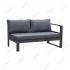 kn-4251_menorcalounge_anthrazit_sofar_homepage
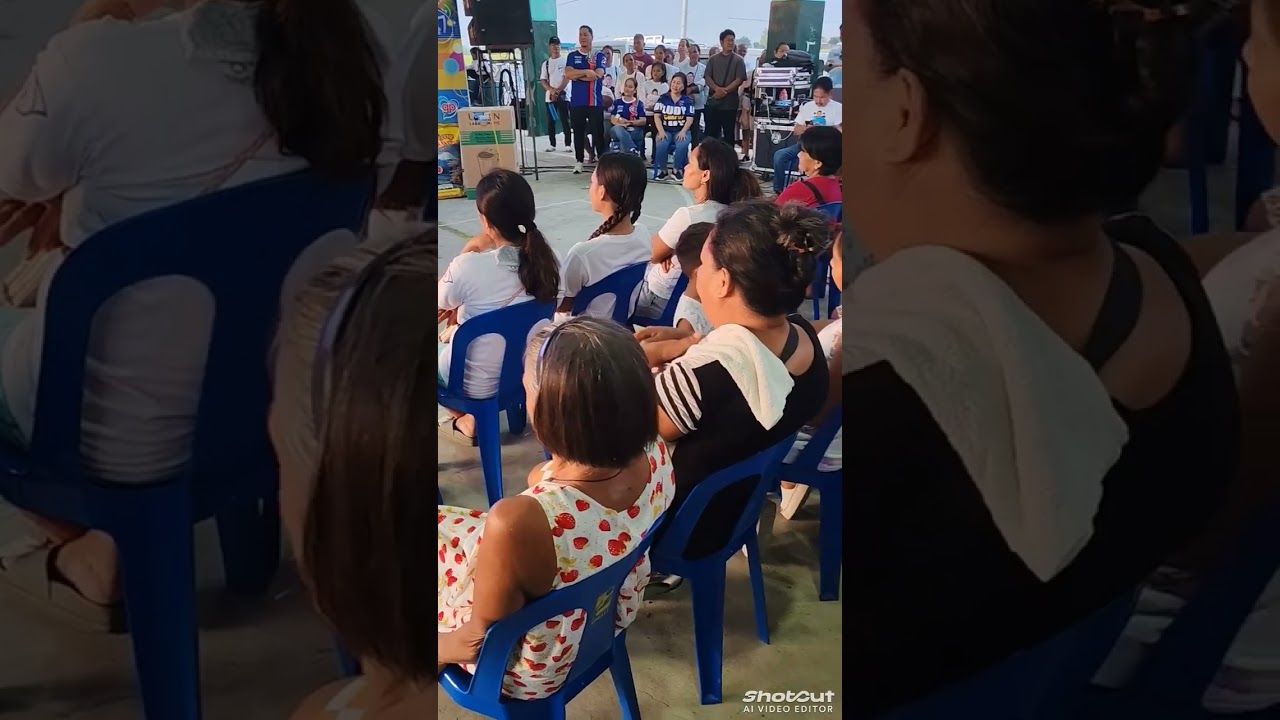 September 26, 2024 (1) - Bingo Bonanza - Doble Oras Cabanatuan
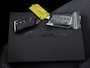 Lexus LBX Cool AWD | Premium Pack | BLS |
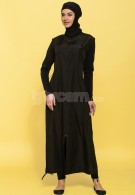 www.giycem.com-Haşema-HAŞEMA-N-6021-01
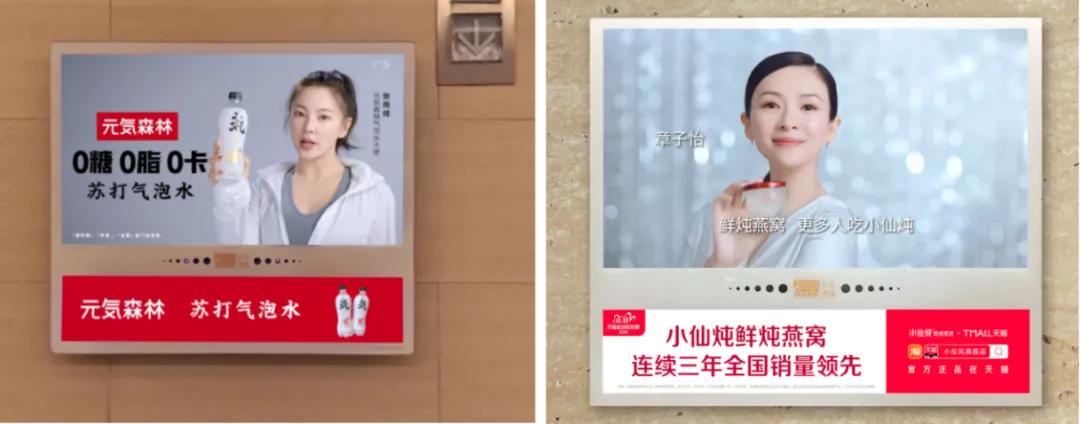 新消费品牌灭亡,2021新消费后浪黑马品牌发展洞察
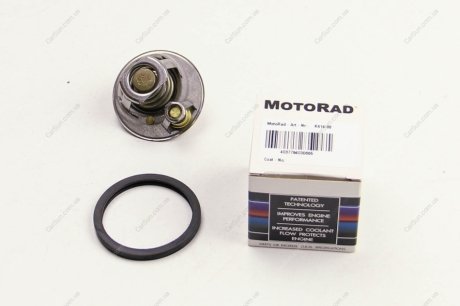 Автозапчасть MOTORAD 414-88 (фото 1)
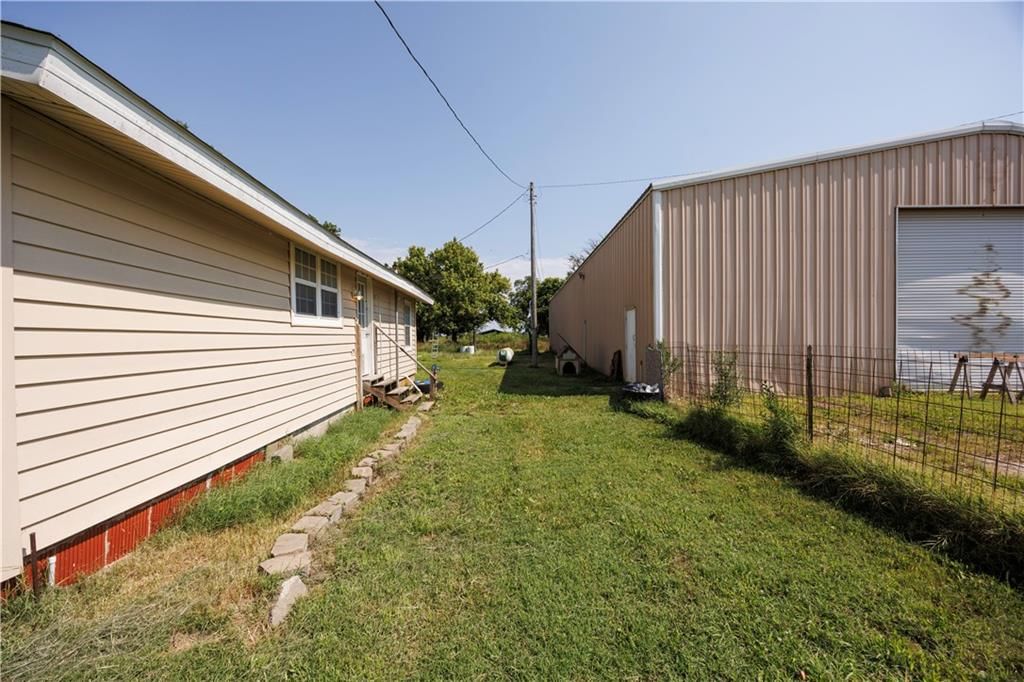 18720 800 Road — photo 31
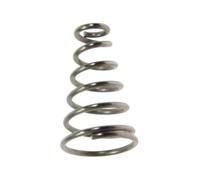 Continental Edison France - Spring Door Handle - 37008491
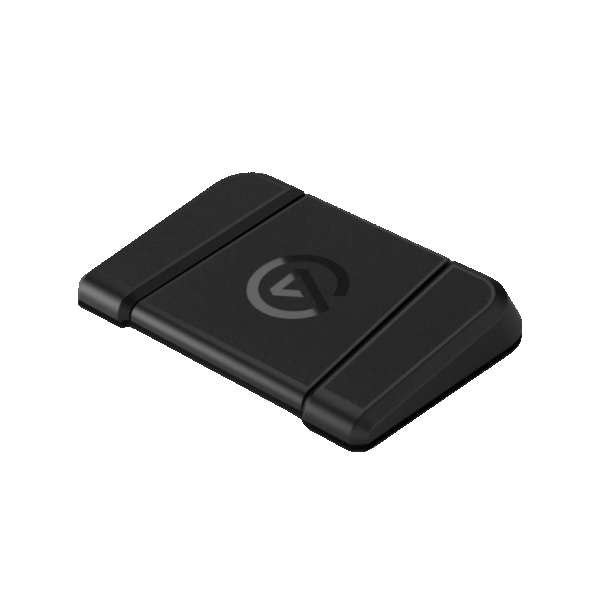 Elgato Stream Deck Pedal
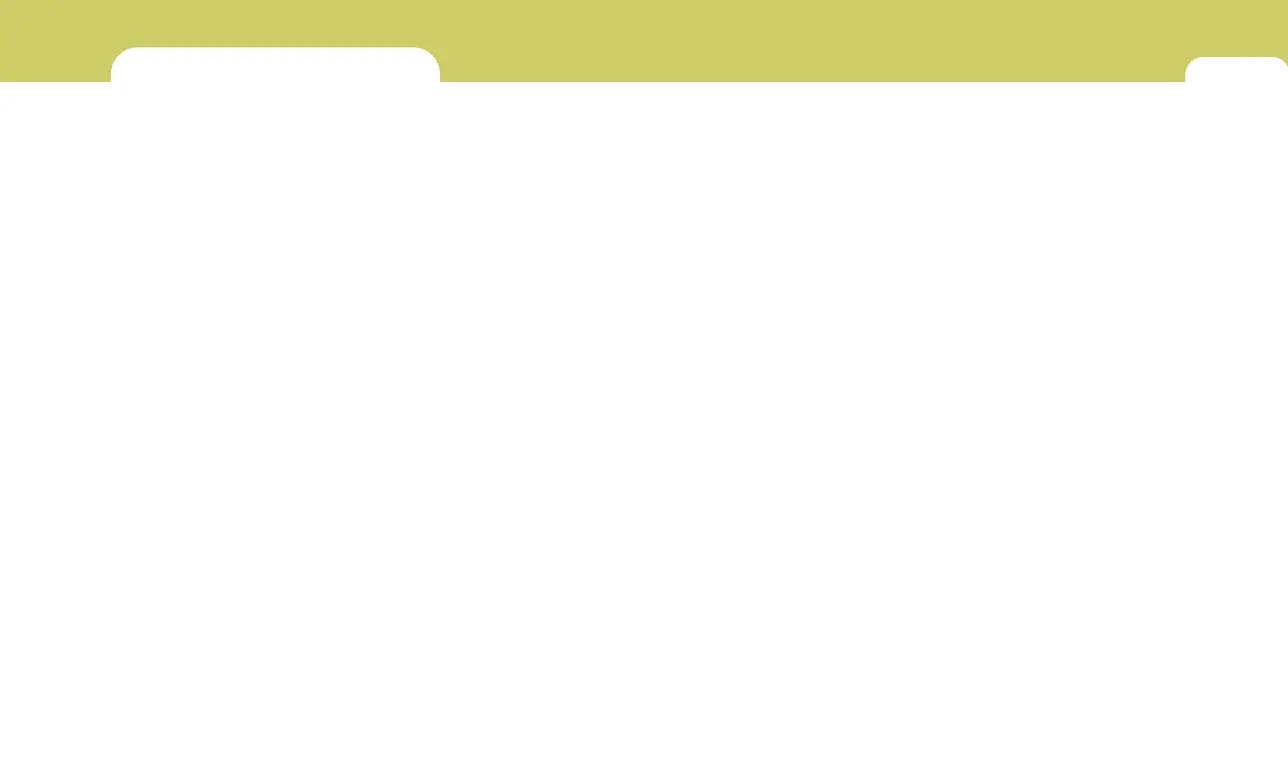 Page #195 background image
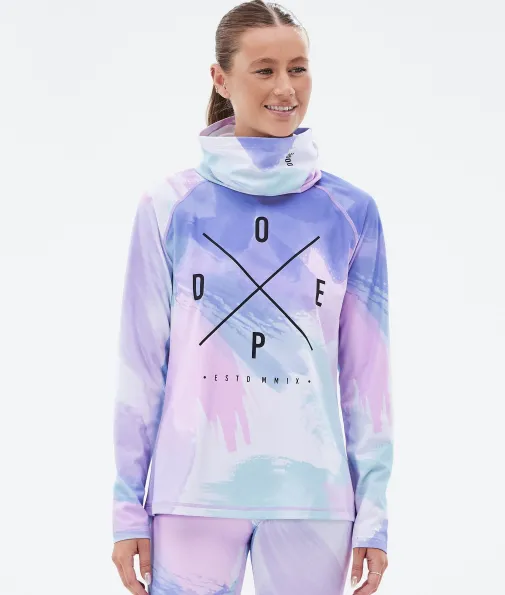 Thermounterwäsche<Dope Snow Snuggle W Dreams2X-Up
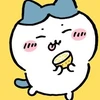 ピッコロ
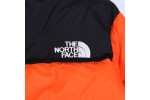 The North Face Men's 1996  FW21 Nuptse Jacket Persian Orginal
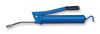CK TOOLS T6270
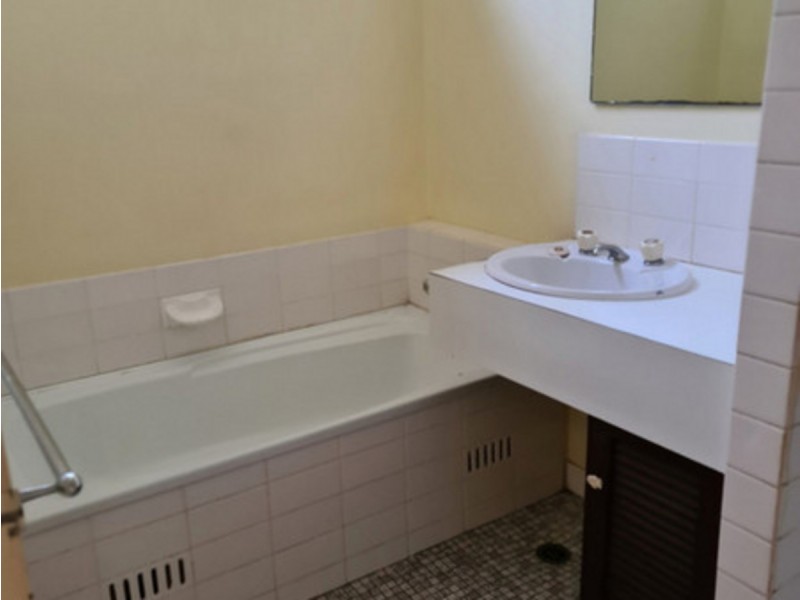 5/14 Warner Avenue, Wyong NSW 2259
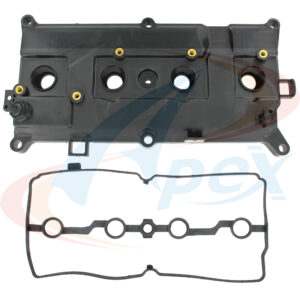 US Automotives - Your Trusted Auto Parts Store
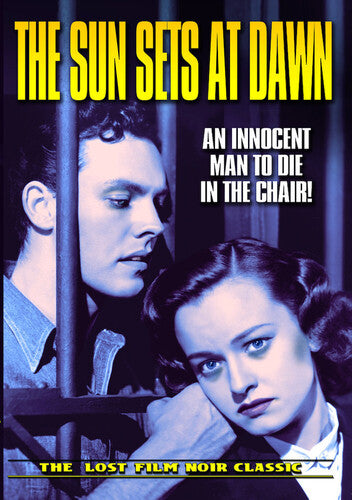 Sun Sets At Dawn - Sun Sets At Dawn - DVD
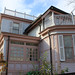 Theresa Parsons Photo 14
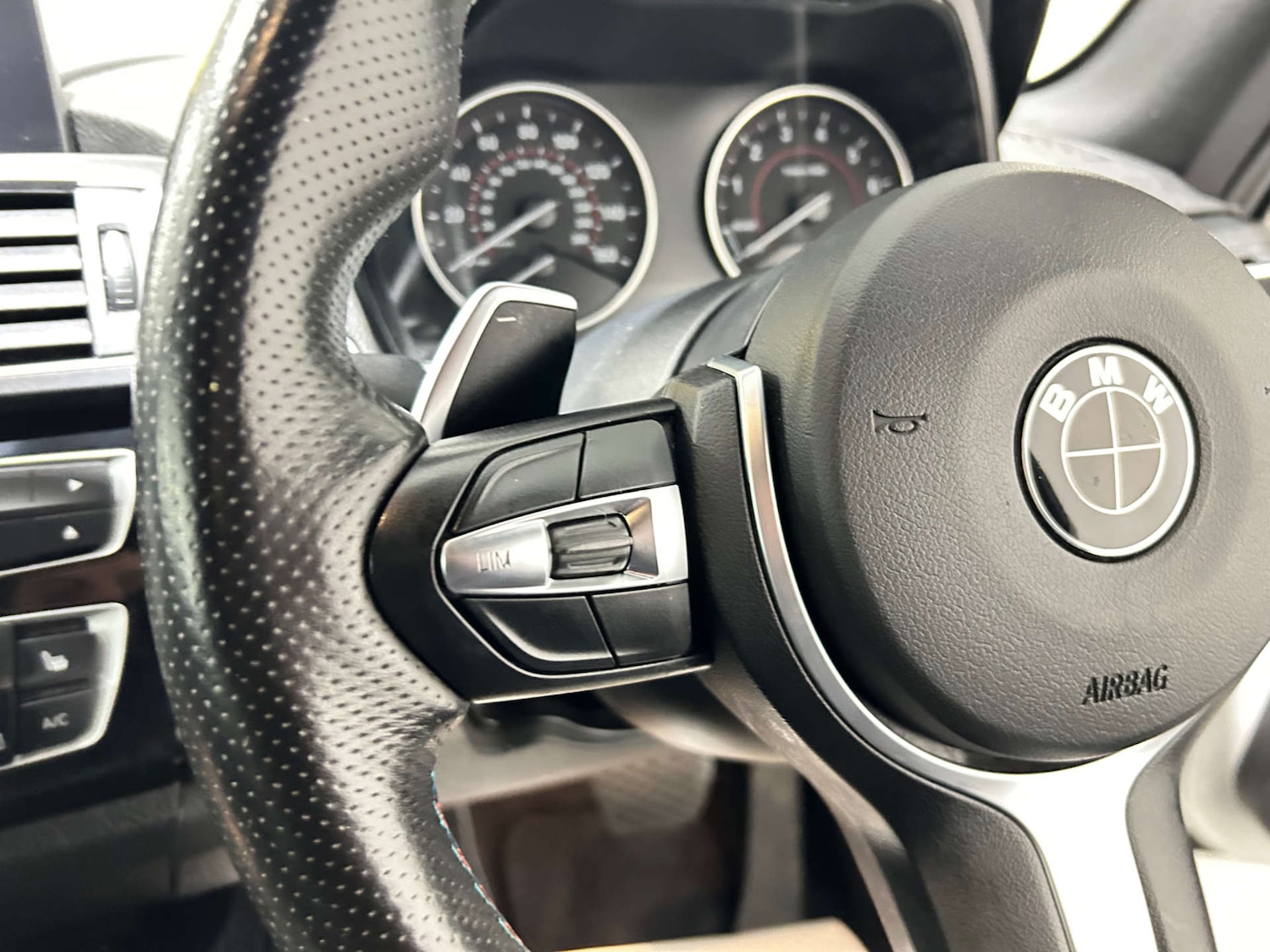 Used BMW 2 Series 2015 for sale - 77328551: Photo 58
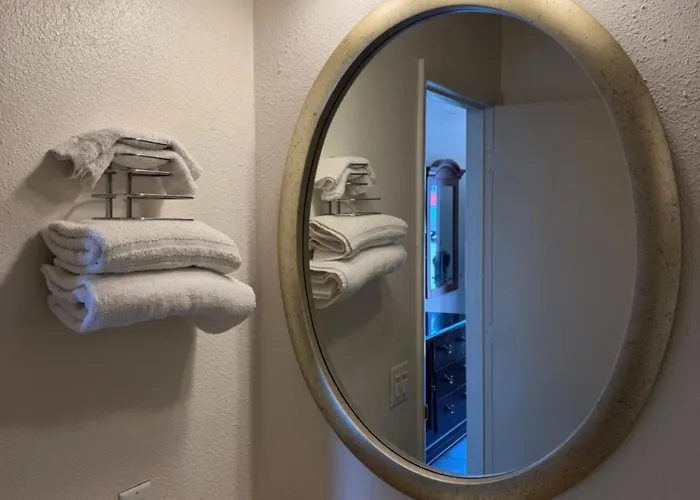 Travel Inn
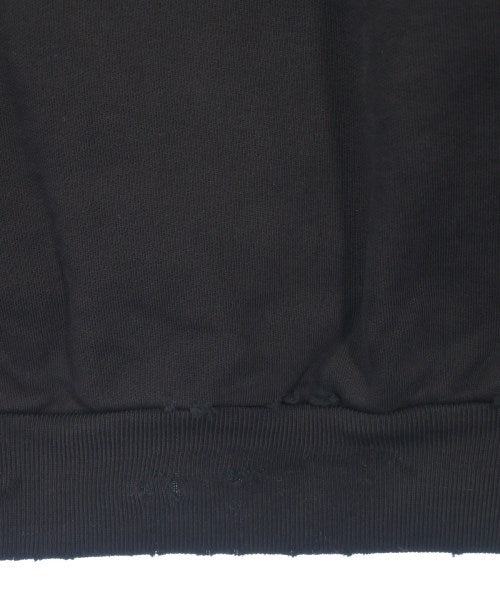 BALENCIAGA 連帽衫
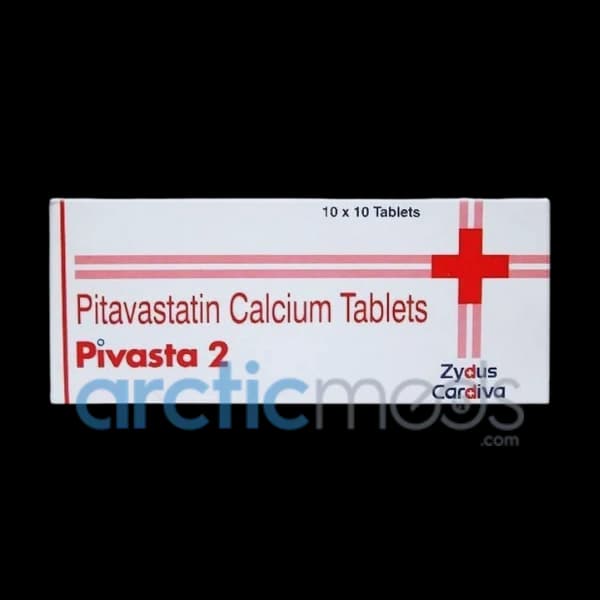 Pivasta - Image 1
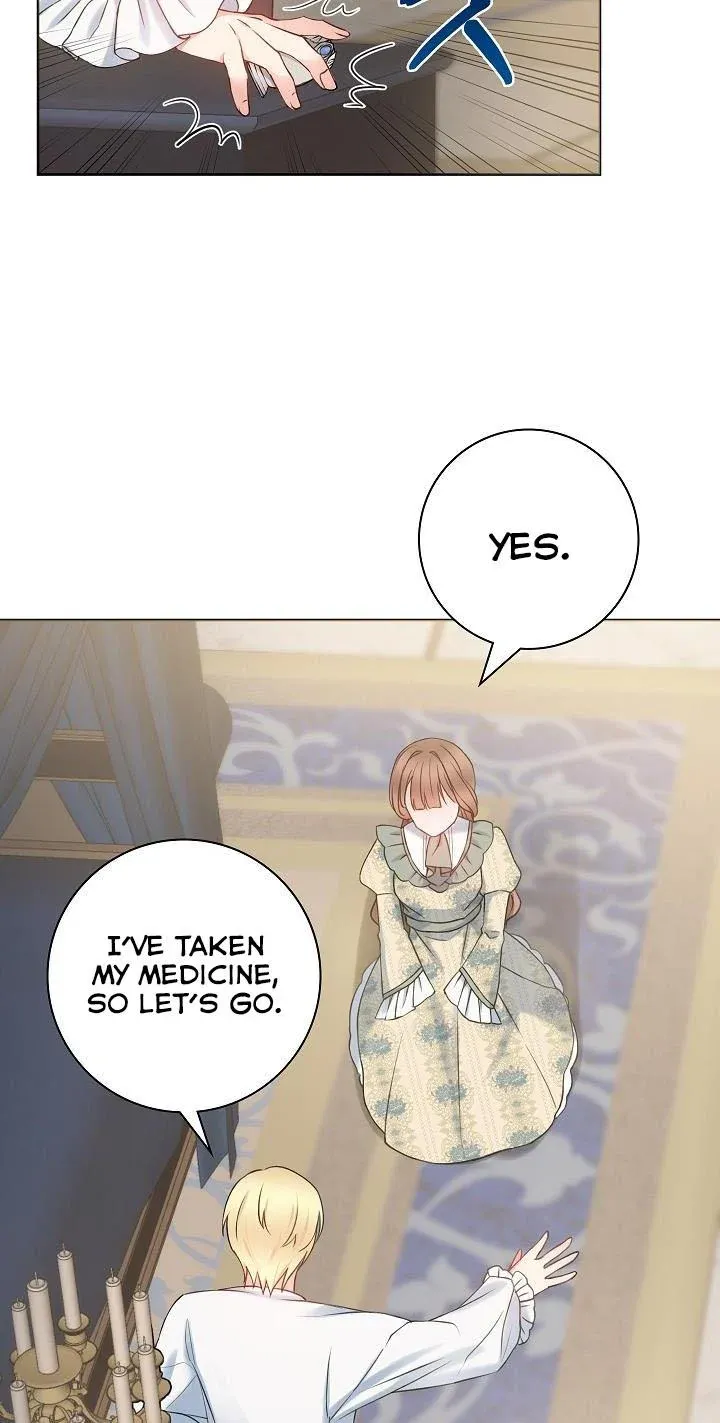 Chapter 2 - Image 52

--

> TASK DETAILS
Beginning with the line where "The North Face" appears, restate word for word every line down to the last one in the data, but keep the pictures out.

> OUTPUT OF THE EXERCISE
 The North Face Men's 1996  FW21 Nuptse Jacket Persian Orginal
CK TOOLS T6270
 5/14 Warner Avenue, Wyong NSW 2259
 US Automotives - Your Trusted Auto Parts Store
 Sun Sets At Dawn - Sun Sets At Dawn - DVD
 Theresa Parsons Photo 14
 Used BMW 2 Series 2015 for sale - 77328551: Photo 58
 Travel Inn
 BALENCIAGA 連帽衫
 Pivasta - Image 1
 Chapter 2 - Image 52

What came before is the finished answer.